3) Finding failed projects: No one likes to fail, but failures are an important part of our history. As I try to piece together the history of software development at NLM, I find that some projects simply disappear from the records. There is no explanation as to why the project was discontinued or what went wrong. It simply disappears. I understand why – who wants to talk about their failures? Especially when their boss may read about it! But for historians and archivists, it is important to be able to find the failed projects as they may provide important insight into the technical details of that software as well as the historical, cultural, and institutional factors that may have influenced its failure. Tracking the failed projects will definitely prove to be an interesting challenge as I continue my research.

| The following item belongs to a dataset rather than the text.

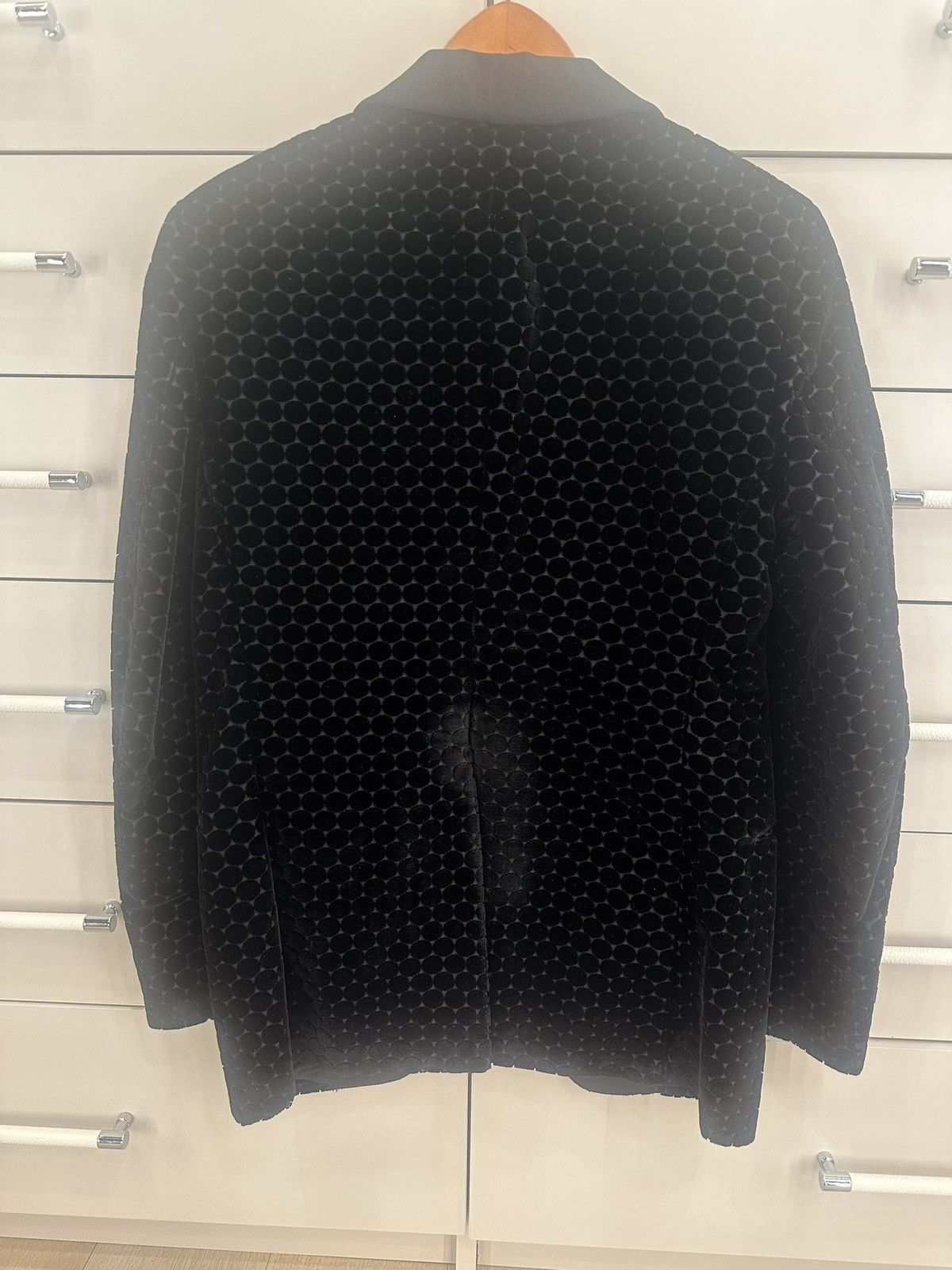 Tom Ford Black Tom Ford Velvet Tuxedo Jacket Polka Dot Size 40R - 3 Thumbnail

Vocabulary Forensics, Digital Media, and Technological Change

I’ve created a new game, and while I’m sure only a few people will find it fun, I think the game illustrates a wider issue in preserving digital media and technological tools. The game, most simply put, is to guess the shelf-life of a word.

Slang comes in and out of style pretty frequently. People aren’t saying, “That’s haaawt,” the same way that there were in 2002 under Paris Hilton’s dubious influence. But technical language also falls in and out of use, based largely on the object and infrastructures which the vocabulary is tied to.

Let me illustrate with a quick example: “smartphone.” While the lexical construct of “smart – object” has retained a fair bit of influence with things like “smart-fridges,” the word “smartphone” may not be long for this world. When is the last time a Verizon commercial touted the amount of smartphones they offered? At this point, at least within a certain demographic, we just call them phones. The consumer-level technology has advanced in such a way that using the term “smartphone” is redundant. The internet-connected phone is no longer noteworthy; the flip-phone is.

In this way, the use of the word “smartphone” decreased as the market’s ability to provide that object increased.At least in the United States, smartphones are so ubiquitous that we have largely dropped the “smart” and are back to simply “phone.”

This observation is relatively simplistic. Of course language changes to reflect the lived, human environment, and technology is a key aspect of that environment. I am a little personally astounded by how quickly the word came into and fell out of use (a little over 10 years by my count), but this isn’t terribly interesting on its own. It does, however, illustrate an issue when undertaking a digital preservation project, particularly one that focuses on preserving software, like my current work at the National Library of Medicine. As I familiarize myself with obsolete technology, I also need to familiarize myself with obsolete language. Let’s just say that the word for “back-end” does not seem to be as stable as one may have assumed.


Hello! My name is Nicole Contaxis, and I’m currently in Washington DC as part of the National Digital Stewardship Residency. More on that later.

In general, I’m interested in digital preservation, the semiotics of computation and digital media, and the history and rhetoric of technology. Or, more clearly said, I spend most of my time thinking about how we communicate and the ramifications of both the content and nature of that communication. Some of this blog will cover these types of issues and will deal with technology and history more widely.

However, many blog posts will deal with my current project as a part of the National Digital Stewardship Residency. I am working at the National Library of Medicine on a project titled, “NLM-Developed Software as Cultural Heritage.” What that means is that I’m trying to track down all of the software developed at NLM and design a preservation strategy for it. Considering that NLM has a 40 year history of developing software for internal needs and for their users, I’ve got my work cut out for me. Nevertheless, I’m pumped. Software is a huge part of the lived experience, and I’m excited to play my part in ensuring long-term access to executable files.